I use the root package (root.cern.ch) to help myself with easy graphical plotting libraries, but that's a detail - if you change the histogramming instructions above you can get a C or C++ program with the same structure. Anyway, as you see there is nothing magical - basically, the code draws random scores for a set of 10000 individuals with uniformly distributed true abilities in [0,1] (what the gRandom->Uniform() call does), and then for each a perceived score is obtained from a Gaussian distribution centered at the true ability, with a width defined by the user as a pass parameter. Then one just need to reorder the individual by their perceived score, so that one can derive average percentile of perceived score in the four classes of true abilities (0:0.25, 0.25:0.5, 0.5:0.75, 0.75:1). No rocket science.

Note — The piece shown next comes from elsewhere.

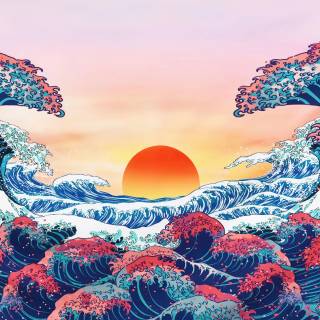 4k Japanese wave wallpaper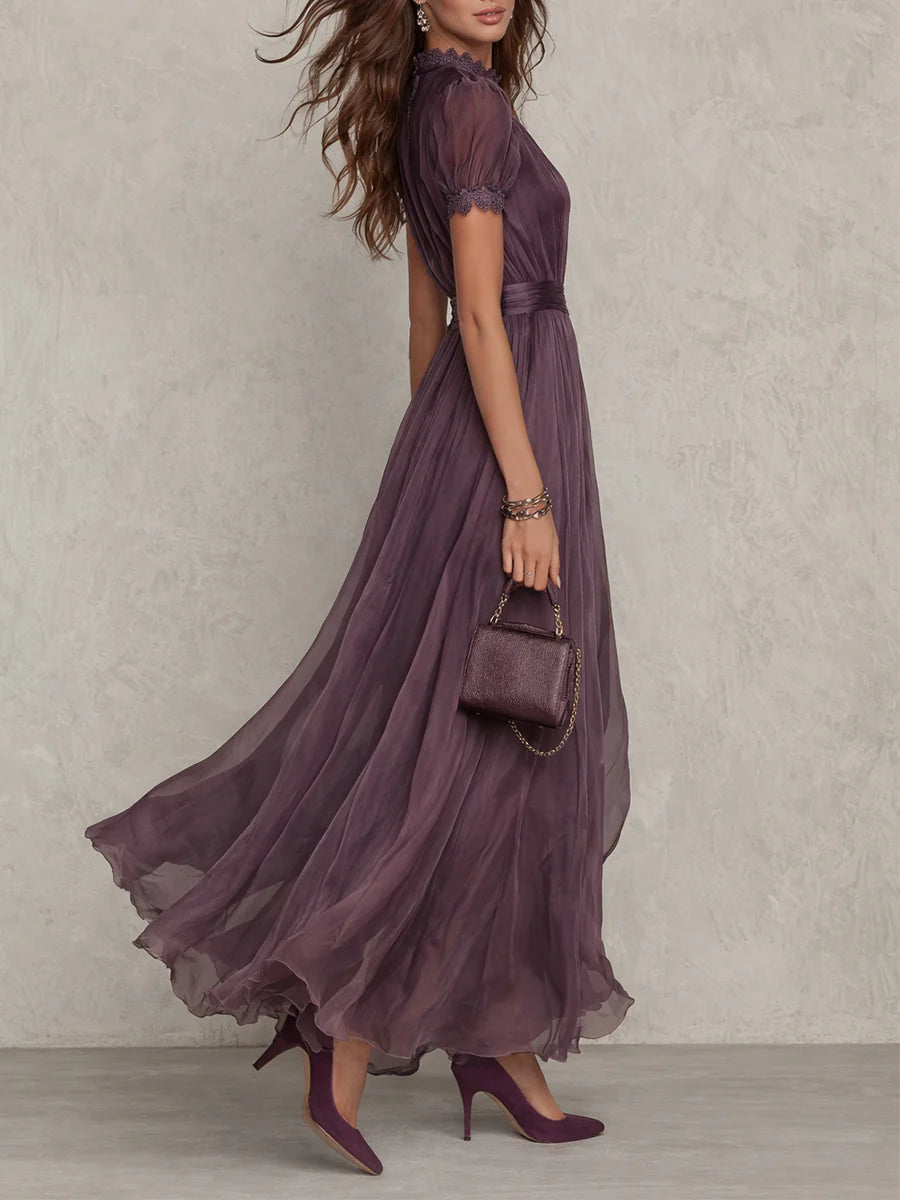 Flavia | Vestido Longo Elegante Violeta Decote Gota Renda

The result, for sigma=0.5, is the one shown below. It is the blue line, which goes through four points laying at the center of each of the four bins on the x axis. The red line is a reference that shows what the percentiles should be if there were no bias (remember, here we are talking about random biases due to the way we are analysing the data - no DK effect assumed).




One should also notice how, for sigma=0.1, the bias is a lot smaller - it helps if individuals have a much better hunch at their perceived ability - see below.




Executive summary

What to get from the above graphs? Well, to me it is self-evident, but let's summarize:
1) the plotting of percentiles of perceived ability in bins of quartiles of true ability produces a biased result - the bottom quartile will show a mean percentile of perceived ability higher than the true value, because of the larger "phase space" available for overestimates; the opposite occurs at the other end;
2) In order to ascribe to this effect biases such as those of the graph in the original DK paper, the (im)precision with which individuals rate their own abilities must be very large. If, e.g., one scores the ability in the [0,1] range, a 10% precision in assessing one's scores will produce almost no bias in the percentiles plot (see last graph above). In order to display a behaviour such as the original DK one, we have to assume that individuals are terribly bad at self-assessment, as a sigma of 0.5 does not even come near to "flattening" the slope of the P vs T curve. My simulation indicates that to get that effect one needs a sigma of 1 or so, which is to say that there's a significant chance that an individual with ability 0.5, e.g., will think he has ability -0.5 or +1.5 (which are outside the range, but I'm just saying).
3) The original DK graph shows that the line is systematically above the reference curve. This indicates that all individuals overestimate their capabilities, and no amount of "noise" (as Jarry calls the error in self-assessment) can produce that result. That, by itself, is an interesting observation, which basically already constitutes part of the DK effect in its own right.

In any case: the DK effect remains a very interesting area of sociological research, and for sure no "simulation" of what can be obtained anyway with third-grader math can prove anything - of course, it remains true that the way of presenting the data chosen by Dunning and Kruger is a bad idea.